Cobbe has targeted both, and that family will take him down. Wherever that chase may lead them.

Escape Rating A-: I swallowed this book whole in a couple of lovely hours. I read this series not for the mystery aspect, but for the family-of-choice story. Twice a year I get to visit with these very good friends and see how they’re doing, and it’s marvelous every single time whether the mystery is compelling or merely a day’s work for Eve and company. This one was so compelling that I had to thumb to the end to make sure that the dark places it went too weren’t too utterly black. No one likes to see their friends, even their book-bound friends, suffer.

This one began with all the hallmarks of one of the series’ semi-regular trips to the angst factory. Both Eve and Roarke had abusive fathers – who dammitall knew each other – and both raised themselves with a bit of help from someone or something who gave them purpose. In Roarke’s case that someone was Summerset, now his majordomo, and in Eve’s case it was the NYPSD.

They should have remained on entirely different paths, but their meeting over a dead body in Naked in Death cemented both their fates and glued their futures together – and onto a single, surprisingly straight-and-kinda-narrow path for ex-thief Roarke.

This story in the series read as a big “payoff” for fans of the series. It’s an A- rating because as much as I absolutely adored it, this would be an impossible place to get into the series. This story works because it’s an all hands on deck story, where everyone who has ever gotten close to Eve and Roarke bands together to help them take out the threat. Readers who know where they came from, who have seen this disparate group bind themselves together over the course of the series, will love every minute of this story, while anyone who is not already steeped in the brew will not be nearly as moved.
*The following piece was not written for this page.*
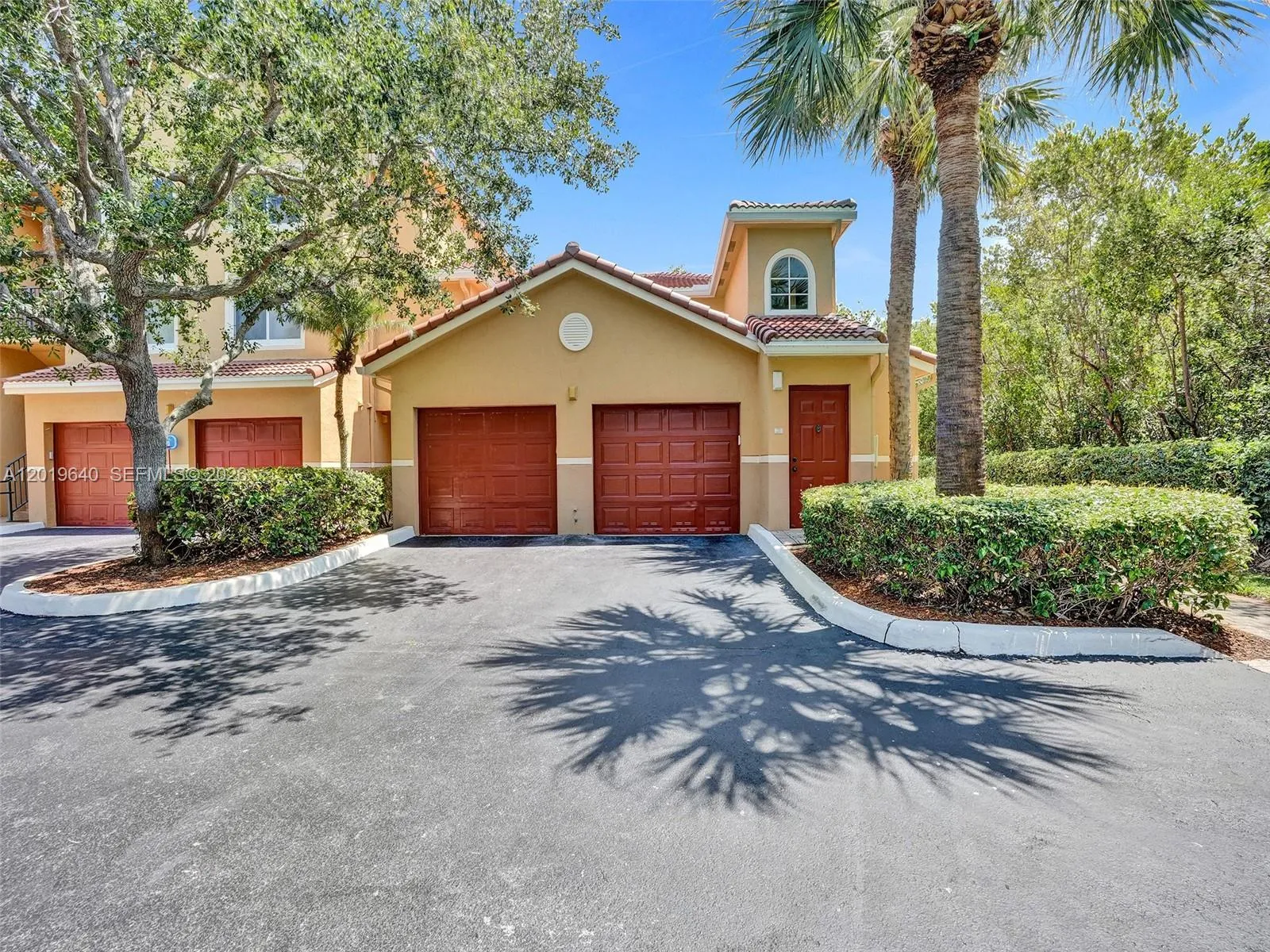 2 bedroom 2 bath for sale at 300 Scotia Dr # 206, Hypoluxo FL 33462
This feels like a kind of closing off of the past. Roarke sees Cobbe and finds himself remembering parts of his own childhood that he buried long ago because they were too painful. Cobbe’s re-advent into his life gives him the opportunity to bring those parts into the light – and to see just how far he’s come and just how well he’s done for himself. Not in the financial sense because that was always his goal and he never lost sight of it, but in his heart and soul. His past was dark, and he needs to see it for what it was to appreciate just how much light he’s surrounded himself with and how truly wonderful it is.

The story contrasts Cobbe, whose professional persona falls apart when he goes after Roarke, with Roarke who realizes just how together he is, and just how many people are together with him. The ending is wonderfully cathartic, and I needed that even more than the characters in the story did.

This could have been the end of the series. The way the entire group comes together would have made a perfect stand up and cheer end for the whole thing and would have provided a terrific amount of closure all around. But I’m oh-so-glad that it isn’t. Eve and Roarke will be back this winter in Faithless in Death. And I already can’t wait to see the gang again!